◆ **WORK TO BE COMPLETED**: Transcribe exactly, and without pictures, the lines from the one that contains "A black and" through the last line of the material.

(Beginning of RECORDED INFORMATION)

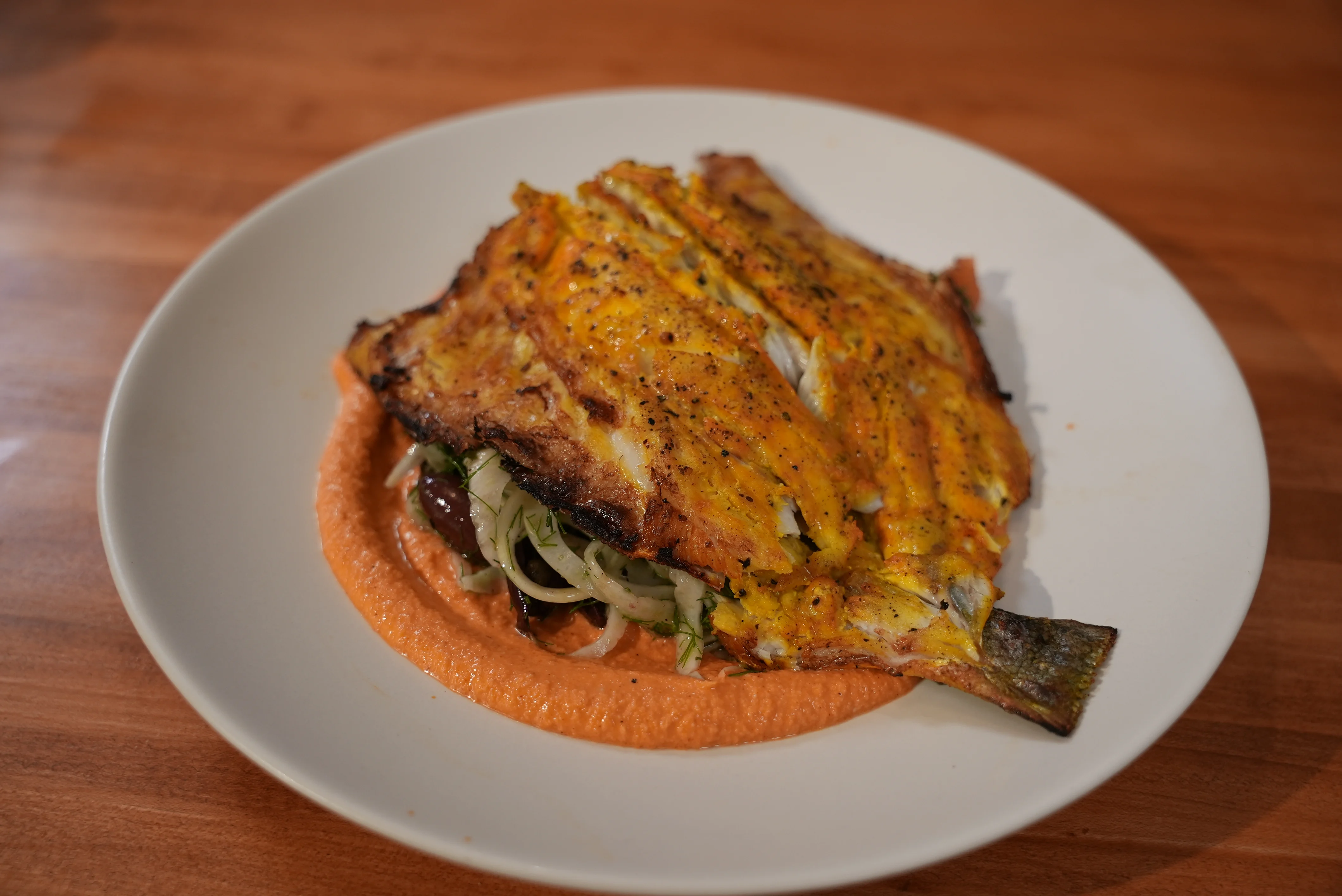 saffron-marinated-bronzino-with-romesco-and-fennel-citrus-salad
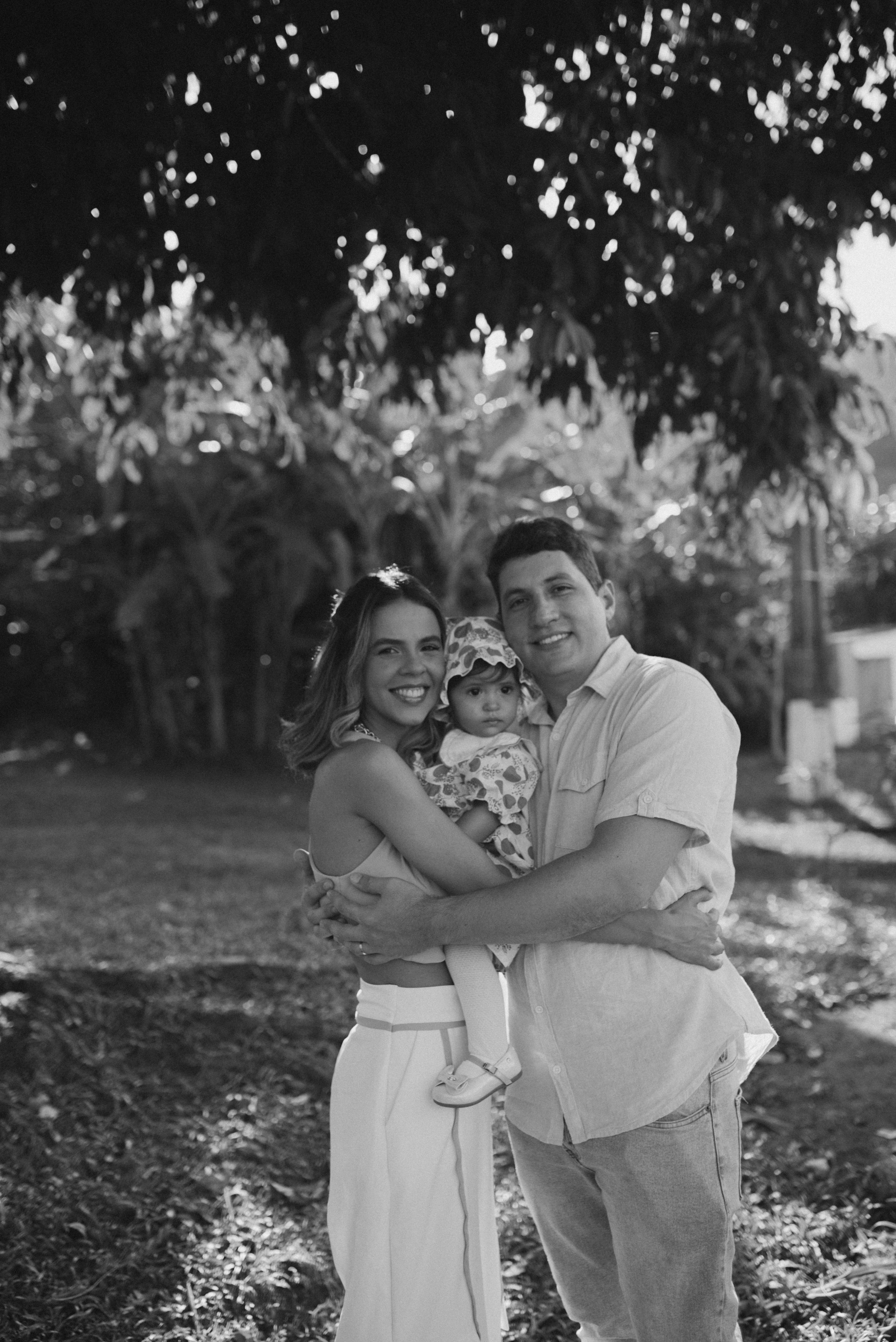 A black and white outdoor family portrait taken under leafy trees.
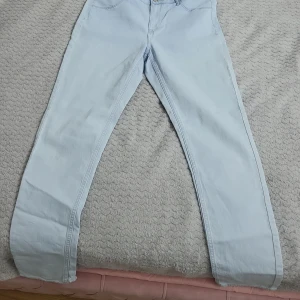 Ljusblå jeans - Snygga ljusblå jeans med en klassisk femficksdesign. De har en rak passform och är perfekta för en avslappnad stil. Jeansen har en knapp och dragkedja framtill.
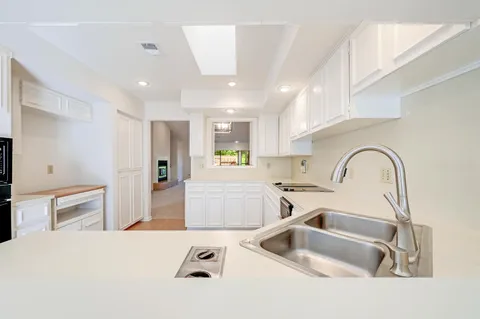 a kitchen with a sink a refrigerator and cabinets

(End of RECORDED INFORMATION)

◆ **TASK ANSWER**:
 A black and white outdoor family portrait taken under leafy trees.
 Ljusblå jeans - Snygga ljusblå jeans med en klassisk femficksdesign. De har en rak passform och är perfekta för en avslappnad stil. Jeansen har en knapp och dragkedja framtill.
 a kitchen with a sink a refrigerator and cabinets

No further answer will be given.